Unfortunately, Jack's dad never quite makes it to adulthood.

At the very end of the book, Jack and his dad take a ride in Mr. Gantos's airplane. But it's not just an innocent jaunt. While in the air, they throw red-paint-filled balloons at the drive-in movie theatre screen. The moviegoers don't think it's too funny—shock! In fact, they all get kind of scared.

When Jack finally stands up to his dad to say that the prank isn't funny and that they're scaring people, Mr. Gantos doesn't care or act remorseful at all. His attitude is basically, "Whatevs" (check out 28.105). He sure hasn't learned anything from what Jack tried to teach him: "[I]f you do something bad and forget about it, then you might do the same bad thing again. But if you always remember it, then chances are you won't do the bad thing twice" (23.46).

This parental unit seems doomed to repeating the same mistakes over and over.

Senator McCarthy Would Be Proud

One of the main reasons Jack's dad hates Norvelt is because he believes it's a "Commie town" that focuses too much on communitarian values instead of Good Old American Capitalism. He thinks Florida is "where a hardworking man could make big money building houses for rich people" (4.51). In contrast, he views Norvelt as "a dirt-poor Commie town that is dying out" (4.41). He considers himself a "real man" (4.43), compared to all the "Commies" that live in the town.

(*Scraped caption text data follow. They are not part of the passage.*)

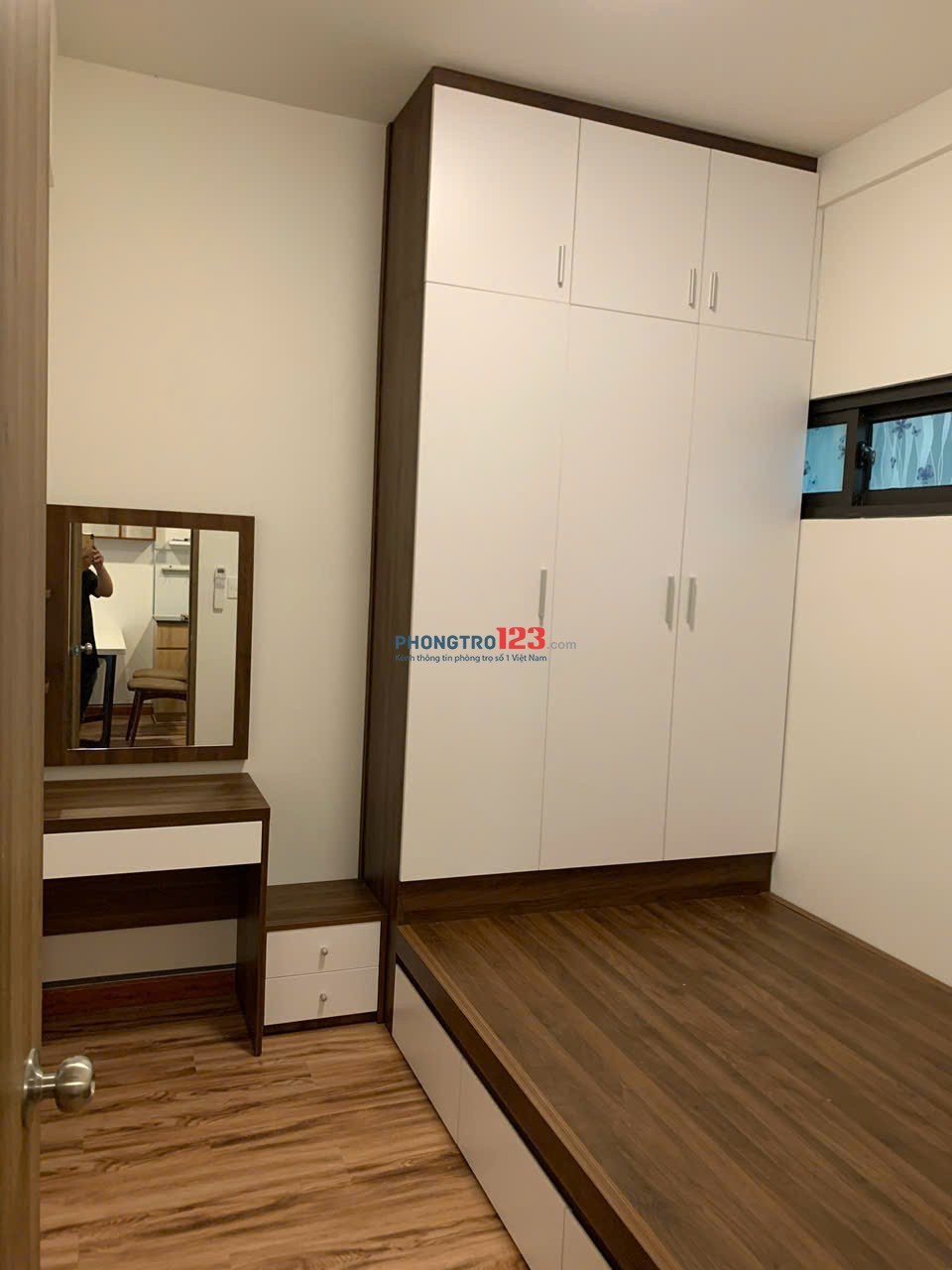 Tìm 1 nữ thuê 1 phòng căn hộ Chung Cư Imperial Place 2 PN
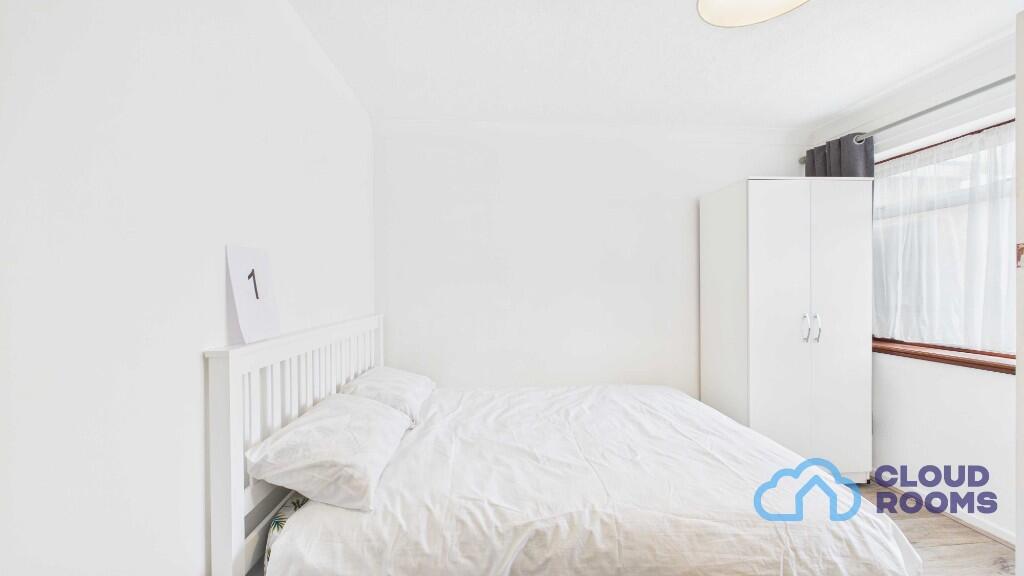 Cedar Road, Hatfield, Hertfordshire, AL10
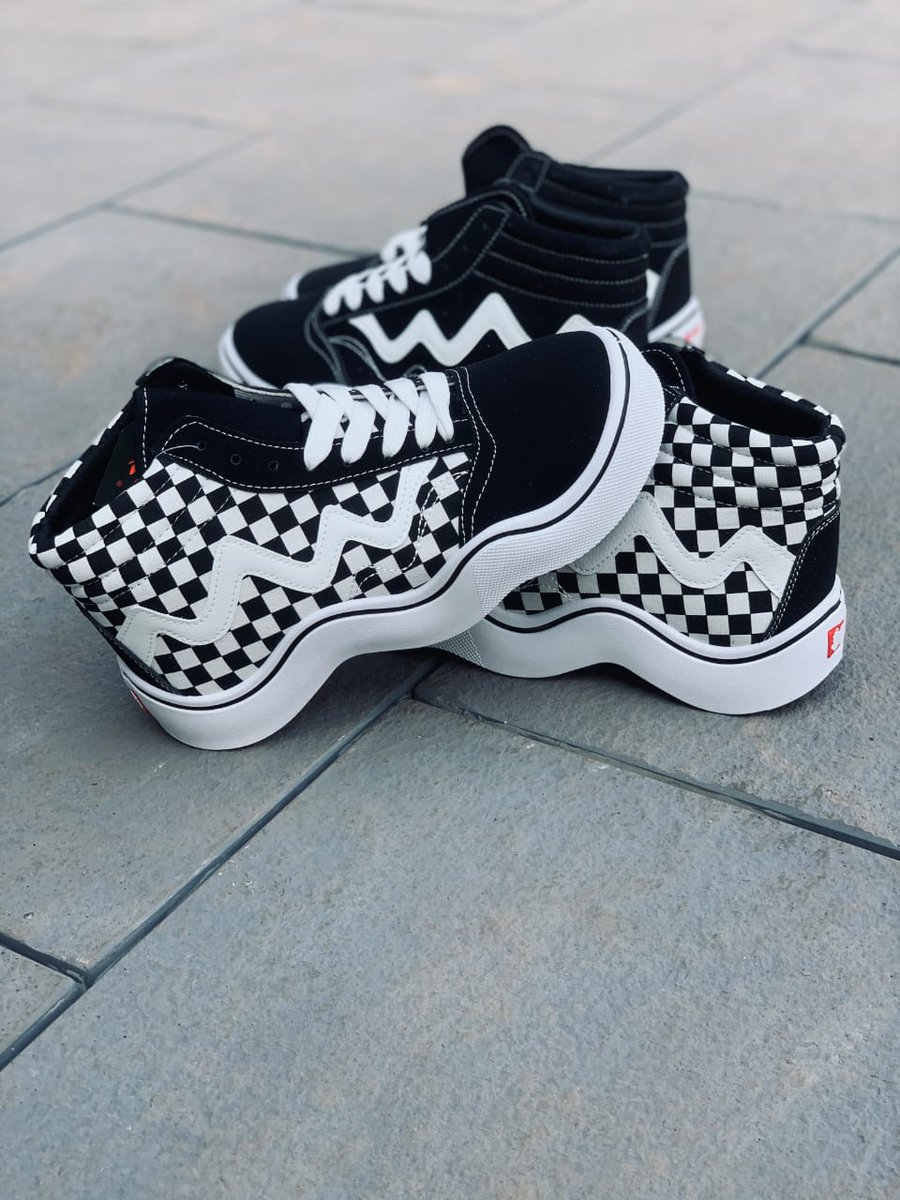Oneclickstore's tweet photo. *VANS WAVE BABY IMPORTED*

- Demanded article
- High Ankle
- 7A Quality
- Size:- 6-7-8-9-10

*1350/- Freeship to Kerala*

2 days delivery to Kerala https://t.co/2PXSZsb7Lj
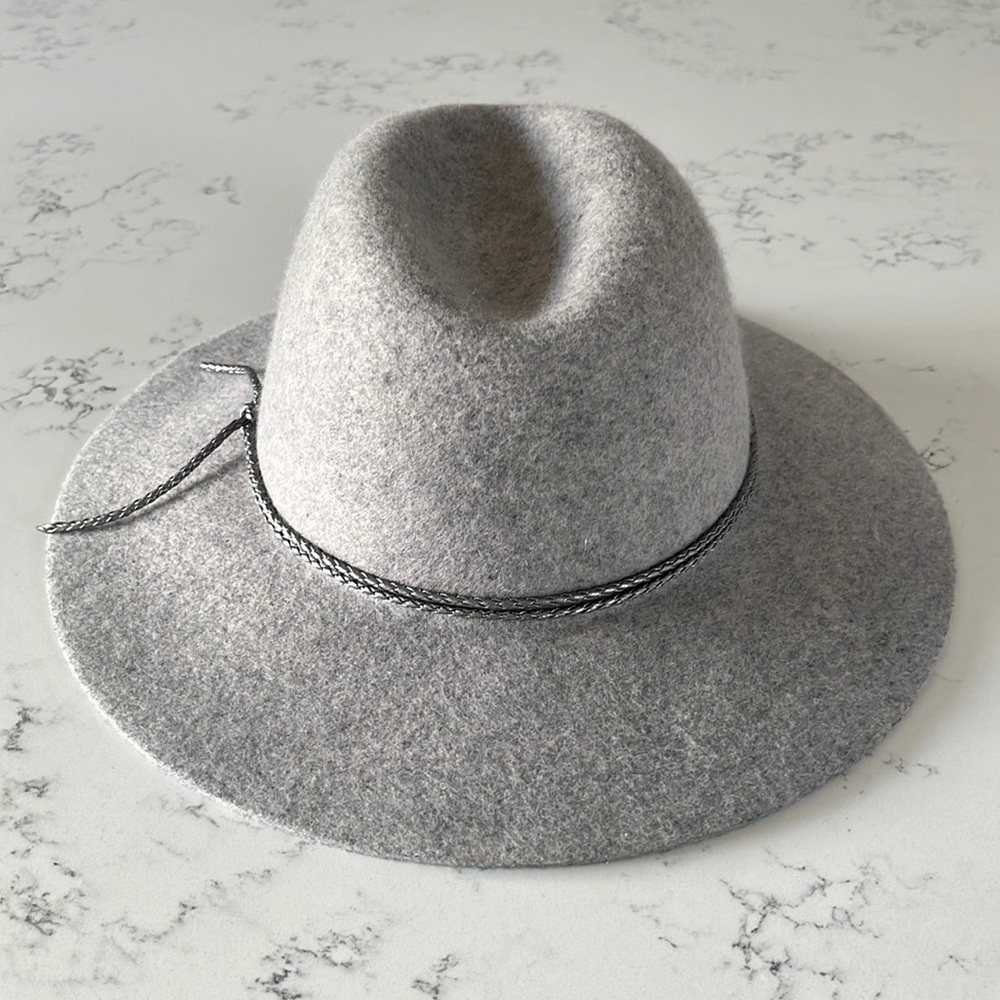 Gap 100% wool gray color woman’s fedora hat - Picture 4 of 12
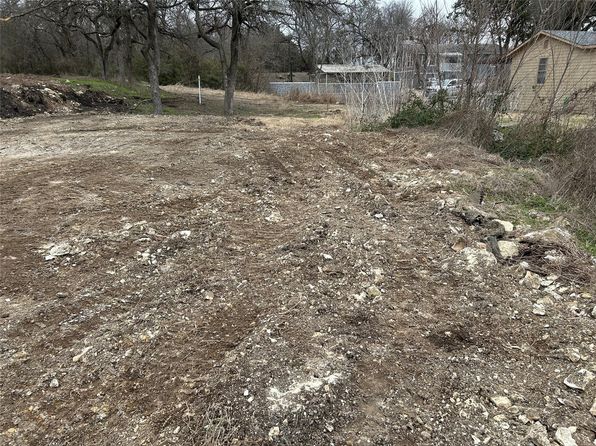 821 Portnoma Ln, Dallas, TX 75217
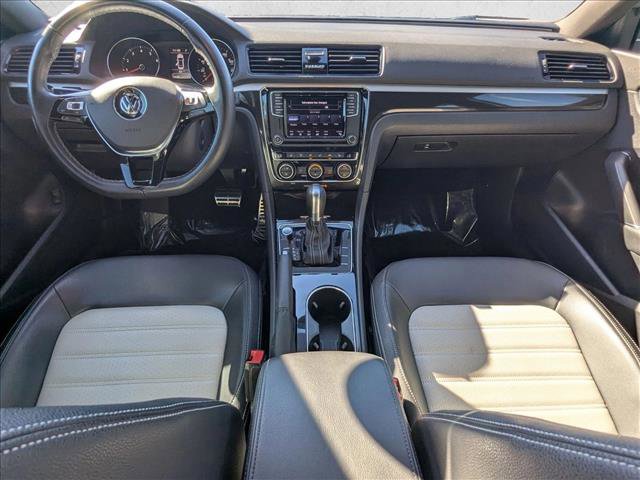 Used 2018 Volkswagen Passat GT image 16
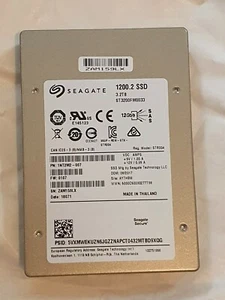 Seagate ST3200FM0033, 3.2TB 2.5" SAS SSD, 1200.2, 12 Gb/s, Endurance 10 DWPD@5y - Bild 1 von 2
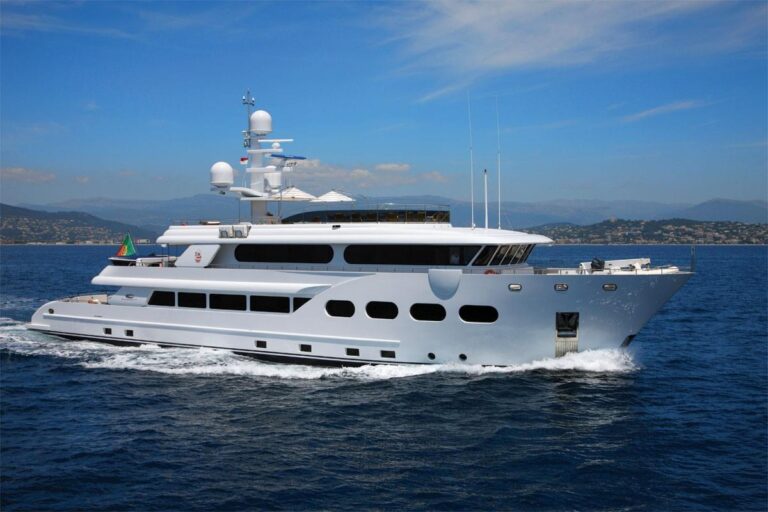43m BARON TRENCK - Cruising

Is this true? Without saying anything about whether he's right, we can point out that, well, we wouldn't believe much of anything that Mr. Gantos said. He's such an unsympathetic character that all of his ideas (and ideals) seem just a little suspect.

Not to mention that his hatred of communists seems just a little bit irrational. Sure, lots of people in the 1960s were worried about Russian communists. But Jack's dad goes a little further ... all the way into crazytown territory. He believes that the Russians "had already sneaked into the country and were planning to launch a surprise attack" (1.33).